Razia in walking-talking mood,then took us to the Centre’s downstairs into the Cabinets of Wonder- storage spaces- where many of the Mandela papers have been meticulously filed. Hand written, of course, letters from Robben Island prison to family- Winnie and children and their responses (struggled to him). Some are of tear-breaking read including one in 1969 in which he asked the Apartheid Administration to at least permit him to attend the funeral of his eldest son. They refused.

Among the precious collection are the medallion of his joint Nobel Prize (with predecessor Apartheid President, F.W. de Klerk) and the certificate and mundane items such as a brand label of a favourite prison beverage drink. These preservation have been done with all the security consciousness that the huge lock to the room can muster. The ANC have had a terrible experience with these matters. Its former leader and the Nobel Prize laureate for Peace- Albert Luthuli’s medallion is still missing and Archbishop Desmond Tutu’s at one point but later recovered.

Part of the exhibition
Photo credit: Pinkie Mekgwe

Memory of the past, whatever shadows it casts on still waters is in the bountiful year of our tour -2018. It’s the centenary of Mandela’s birth we know, death of Winnie Mandela and alas, Cyril Ramaphosa becoming President of South Africa. An accidental protégée of Mandela, Ramaphosa refused to attend his inauguration as the first post-Apartheid president after working so hard as one of the architects of the interim constitution and later, what became South Africa’s Constitution. He was also part of the same group- the Executive Transition that designed the flag; a man who in essence then, associates with the creation of the sovereign symbols of the new South Africa.

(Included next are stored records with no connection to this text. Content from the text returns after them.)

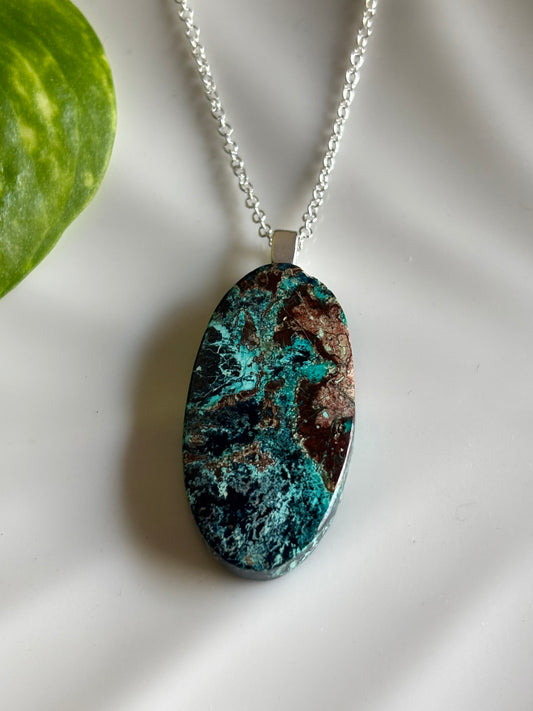 Chrysocolla necklace view 1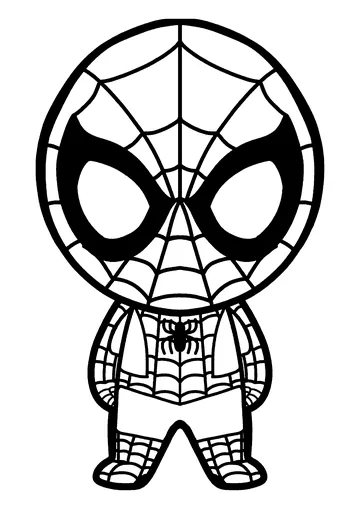 Little Spider-Man in Kawaii coloring page
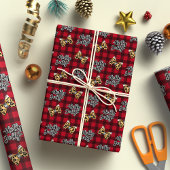 Holly Jolly Vibes Red Plaid Patroon Kerstmis Cadeaupapier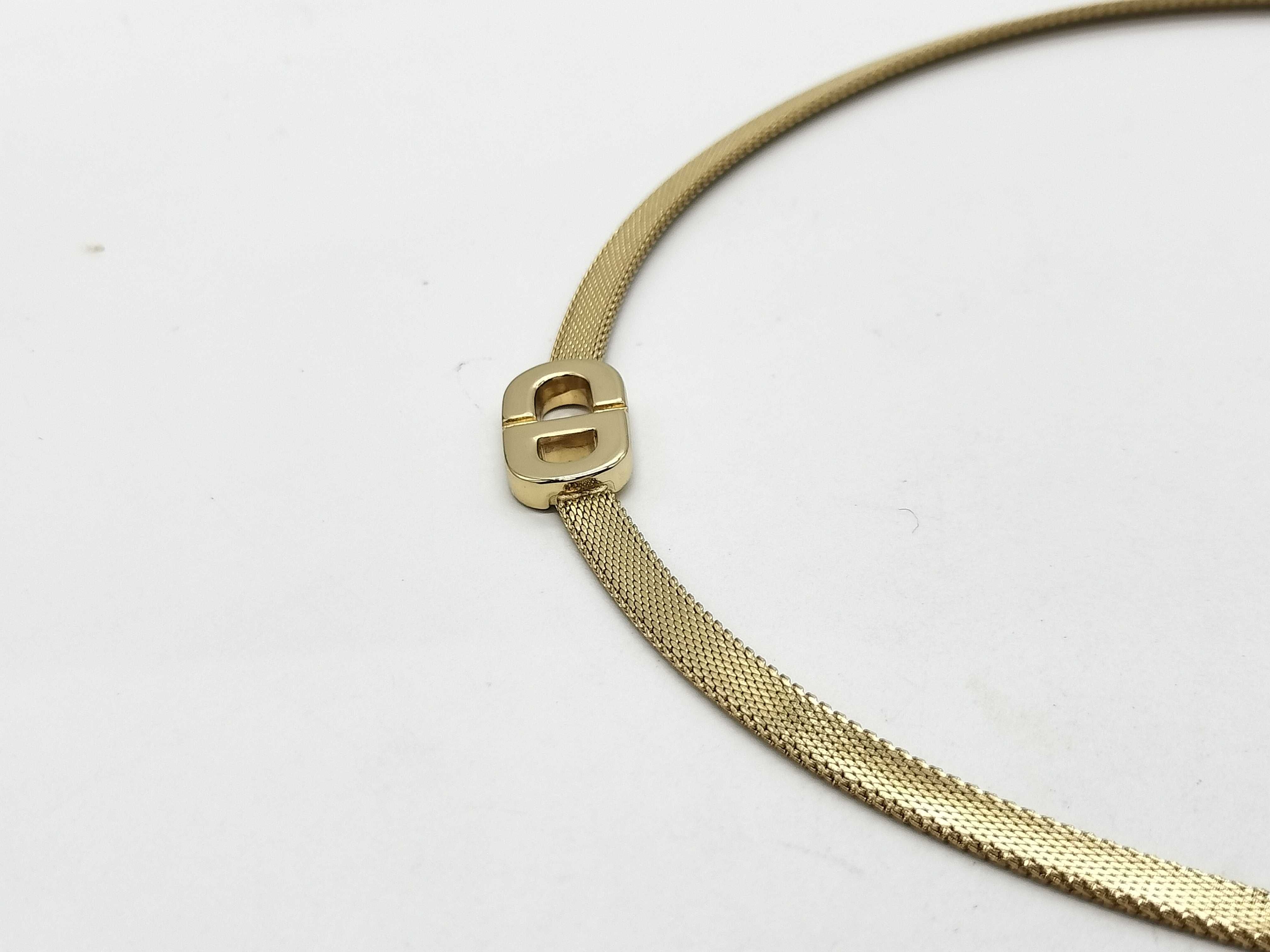 CD logo choker necklace, gold color necklace — view 4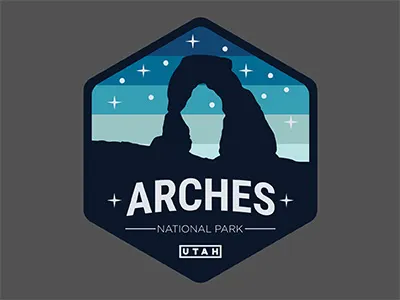 Arches at Night Badge arches badge national park patch
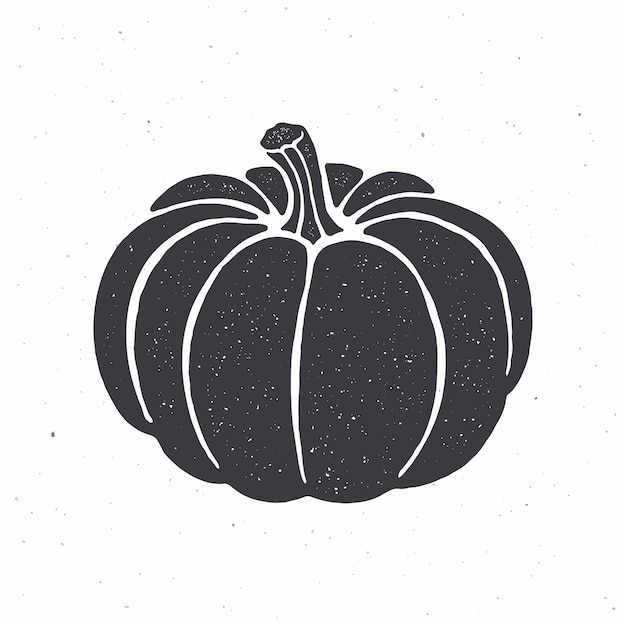 Vector silueta de calabaza con tallo ilustración vectorial símbolo de halloween y festival de octubre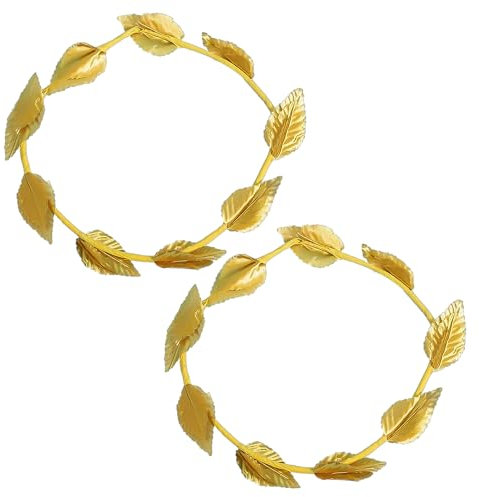 COACOM 2 Stück Griechisch-Römische Goldene Kopftücher, Blattgold-Kopfschmuck, Goldene Haaraccessoires Für Männer Und Frauen, Blattgold-Stirnbänder, Geeignet Für Partys, Cosplay, Weihnachten
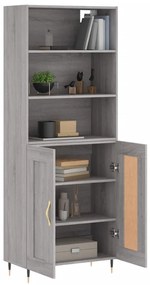 Armário alto 69,5x34x180 cm derivados de madeira sonoma cinza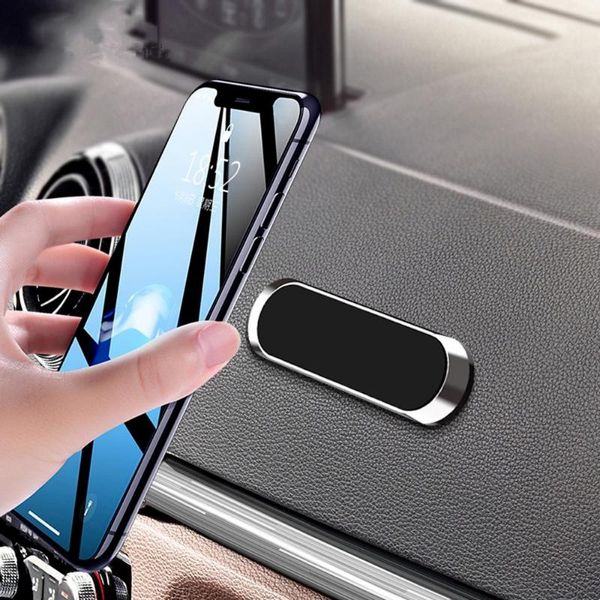

cell phone mounts & holders magnetic car holder mini strip paste stand for huawei wall zinc alloy magnet gps mount dashboard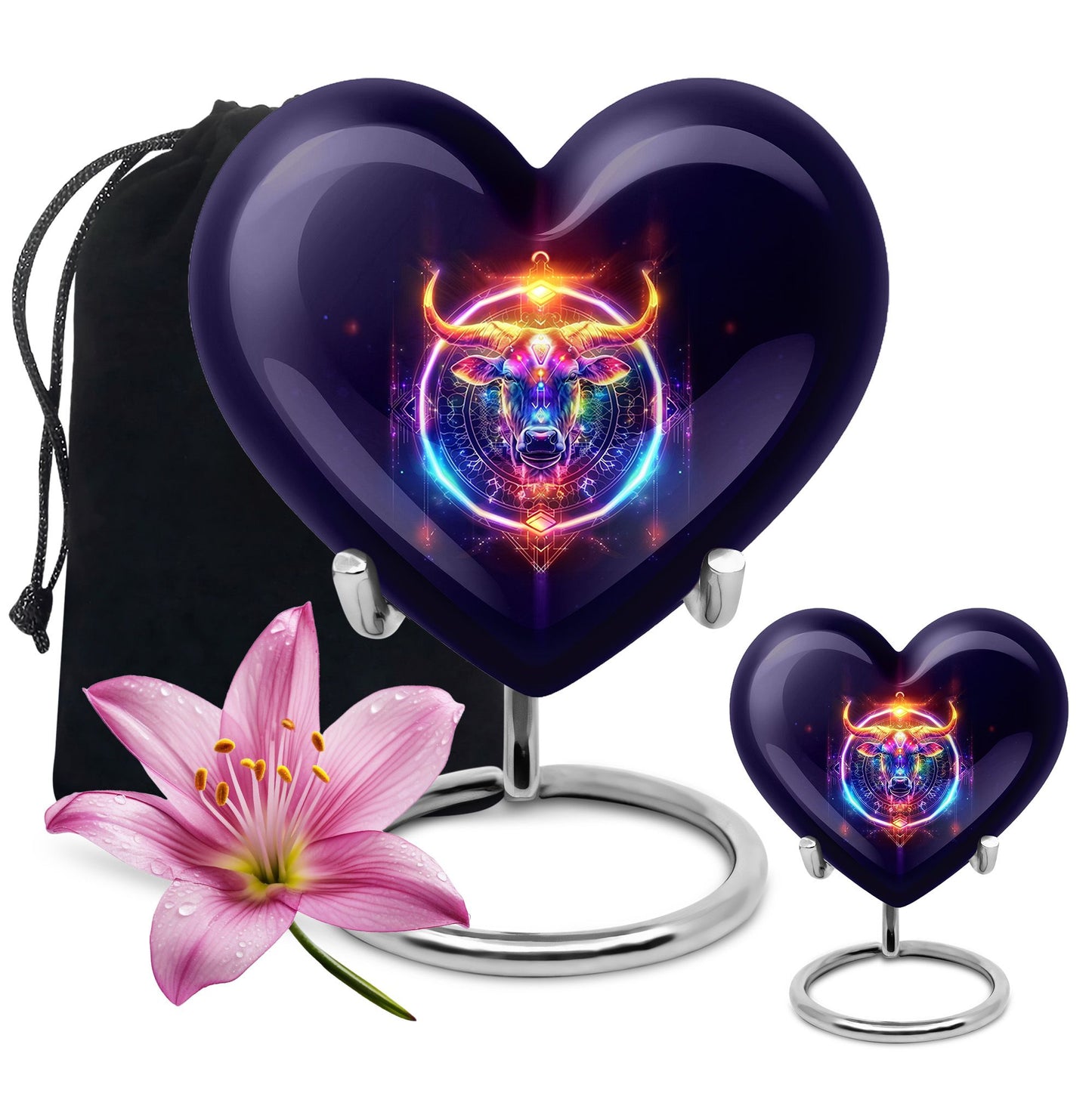 10-inch heart shaped zodiac urn for adult memorial crafted from aluminium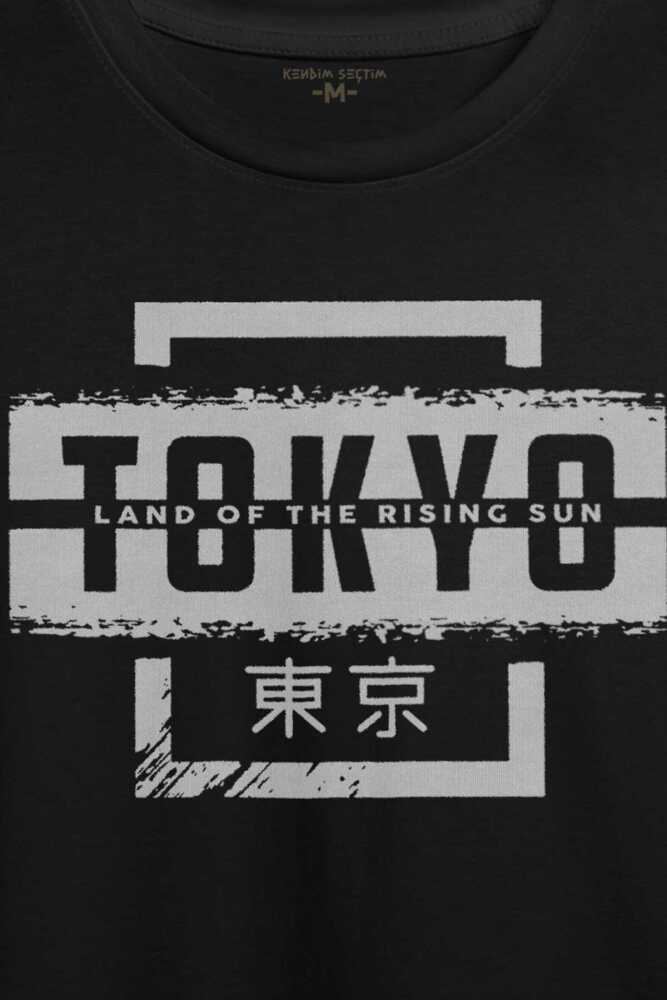Japonca Tokyo Şehri Japonya Japan Baskılı Siyah Tişört Unisex (1)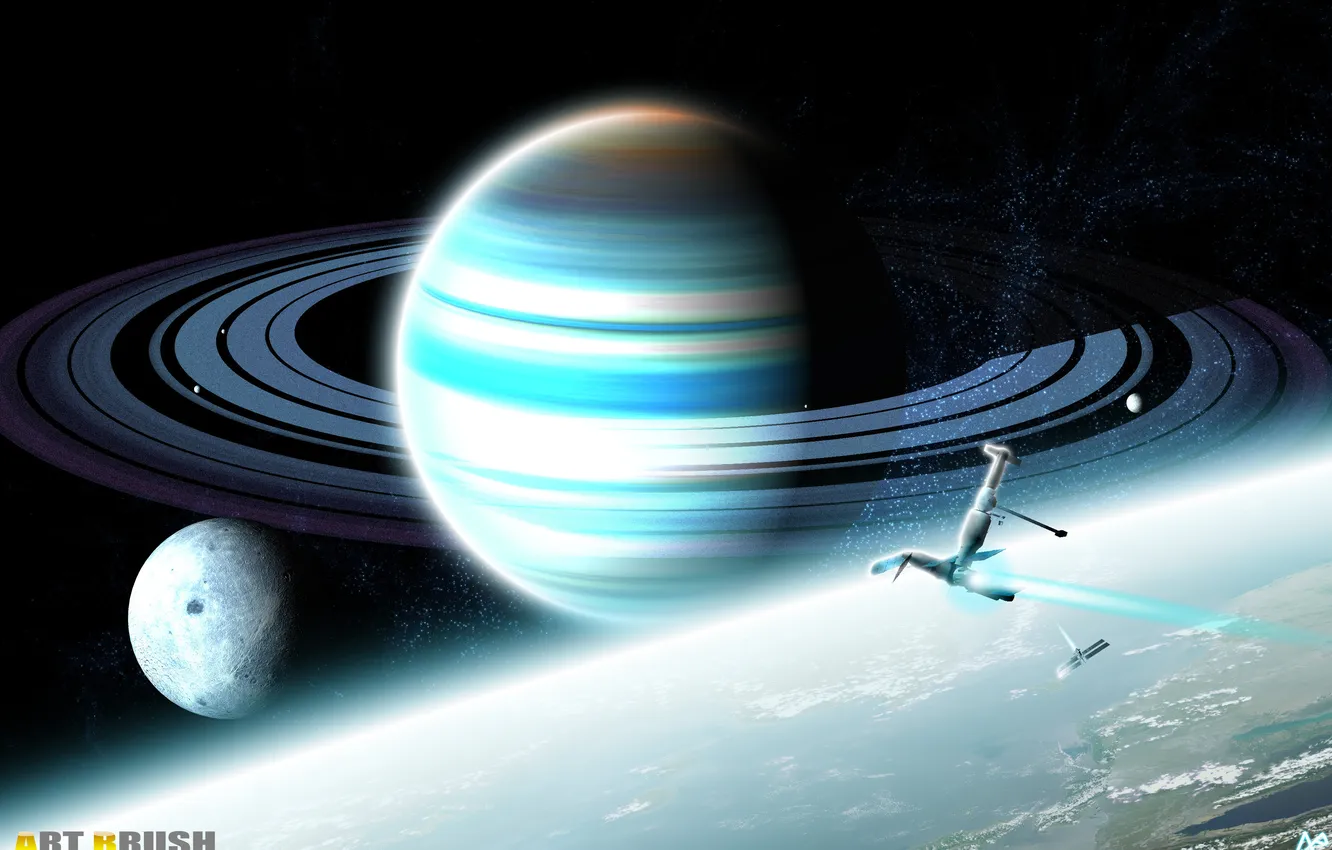 Фото обои планета, кольца, спутники, explorers of the unknown
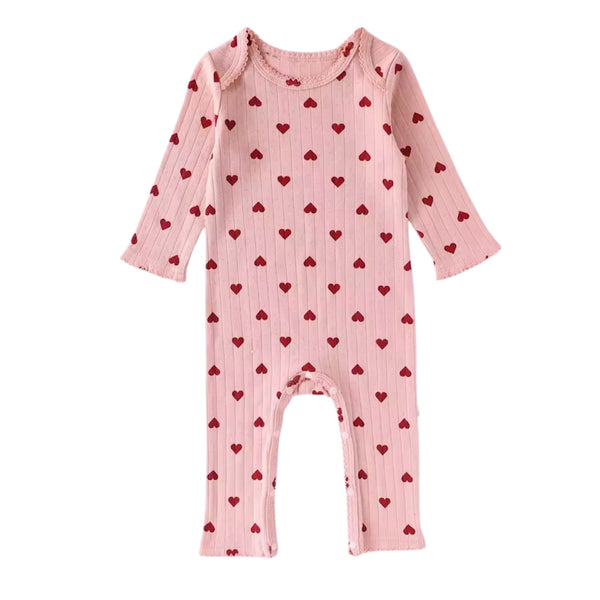 Ribbed Heart Baby Girl Romper – Pink from From 1love2hugs3kisses ibiza
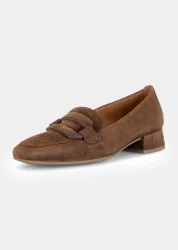 Slipper aus Leder mit Zierelement - cognac - Gr. 41,5 von Goldner Fashion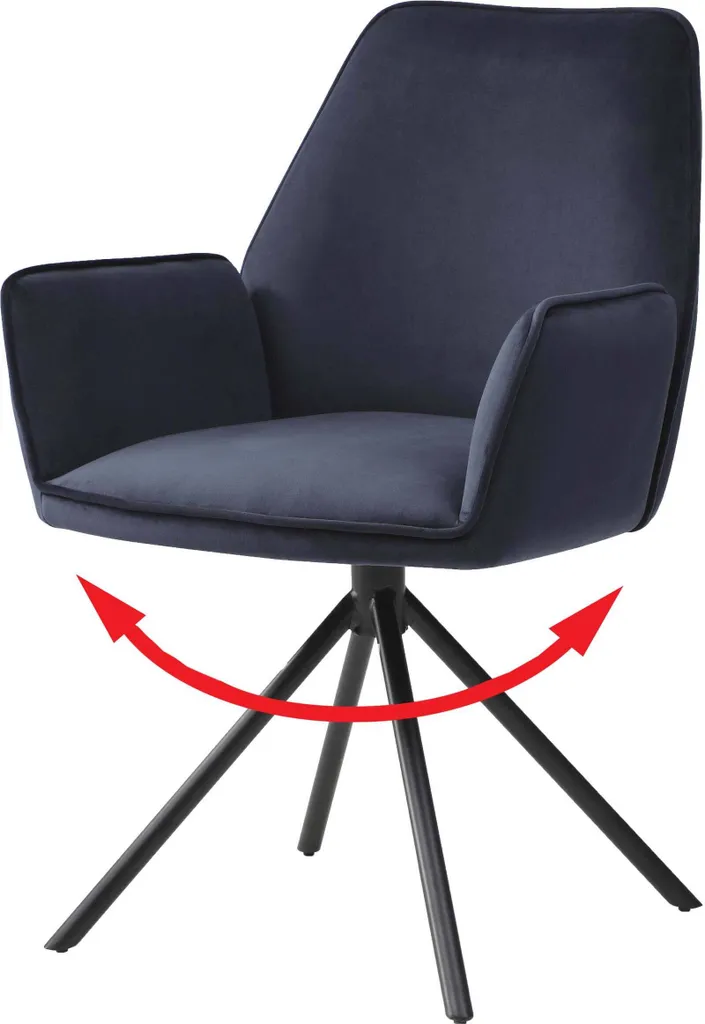 Sedia Design Velluto Blu HWC-G67: Elegante Poltroncina Girevole Pranzo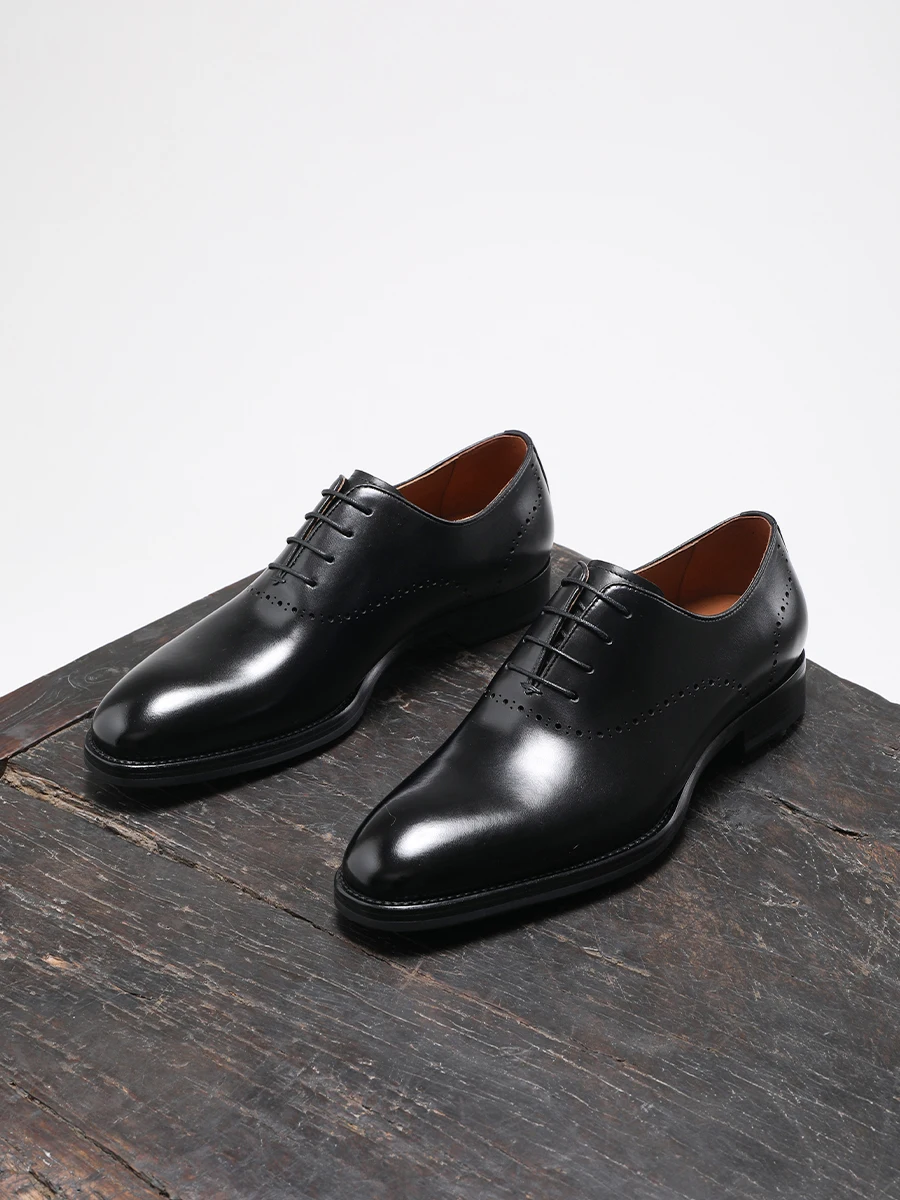 Spring and Autumn New Men's Formal Shoes Genuine Leather Thick Sole Lace Up Business Casual Shoes Groom Wedding Shoes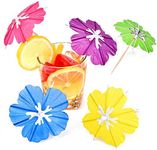 Drink Umbrellas Cocktail Picks Parasol Cocktail Umbrellas Sticks with Wood Toothpicks for Summer Hawaiian Cupcake Toppers Umbrella Sticks Tropical Wedding Party Decor(300 Pieces)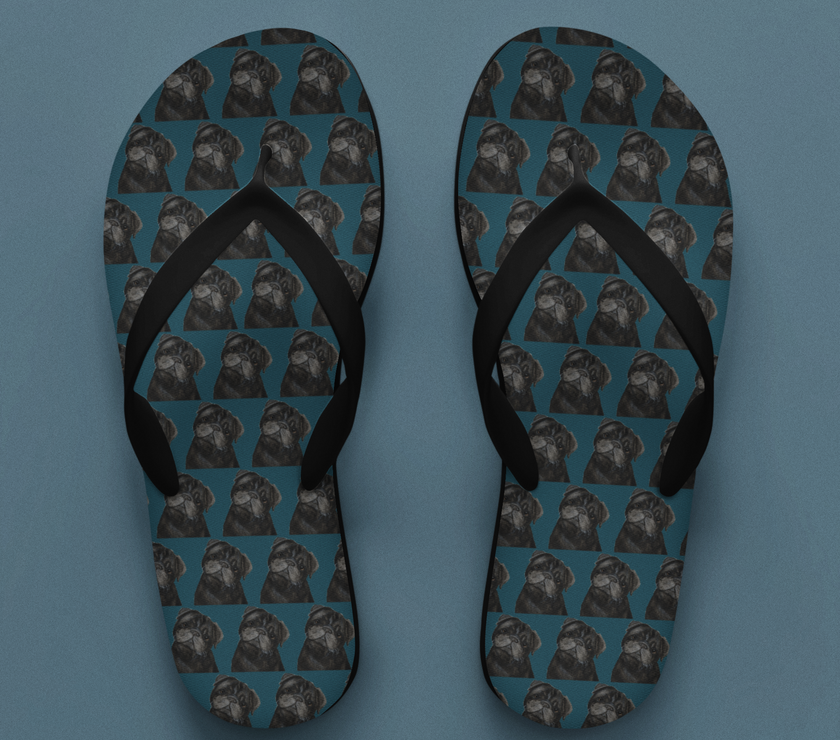 Pug Life, But Make It Fashion: Luxe Pug Print Flip Flops!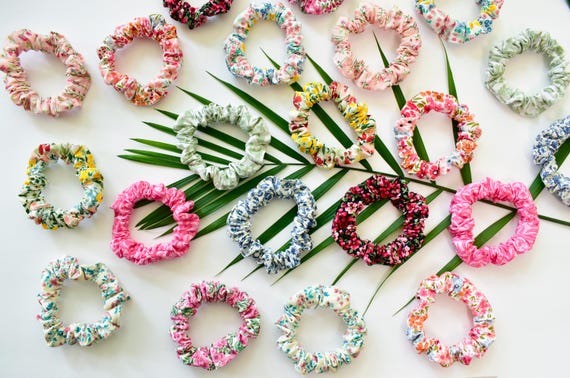 Floral Scrunchie | Handmade Skinny Cotton Hair Scrunchies | Hair Bow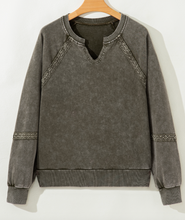 Load image into Gallery viewer, Pre-Order  Lace Patchwork Detail Notched Neck Mineral Wash Baggy Sweatshirt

Ramaphosa would also refuse the Minister of Foreign Affairs Portfolio from Mandela but was warned by him against turning down the constitution-making body leadership. All had to do according to two of Ramaphosa’s biographers, the British academic,Anthony Butler then a Fellow of Emmanuel College at Cambridge University and the South African celebrated writer and journalist-Ray Hartley (author of The Man Who Will Be King) with who should become deputy to Mandela the patriarch. Within the ANC, Ramaphosa was considered too young – by ten years to the eventual deputy- Thabo Mbeki (in the course of time an essential writer of some of Mandela’s important speeches).

A skillful negotiator with a sense of the historical, Ramaphosa had ensured from the very beginning when the world saw him ushering Mandela and Winnie from the prison gates that, he would politically stick with her to the end.Behind that golden touch and seeming unambitious face, lies his interest in public service and politics more than the billionaire he became. And with the trophy at hand, “will he” or “will he not,”make the figurative score as in political satire adaptation or even elements thereof as in,The Lion and the Jewel?Time may give its verdict!!

Soyinka would conclude his A Long Walk to Mandeland lecture series after all, at the famous township of Soweto. “Societies in transition cannot bear bad news, it needs affirmation” he says. The title presupposes a journey but “how do we know when we have arrived there- at that magic destination- we check the sign-post and make a choice.” Mandela “himself never made that name or entertained sainthood, a Utopia- he was pragmatic!”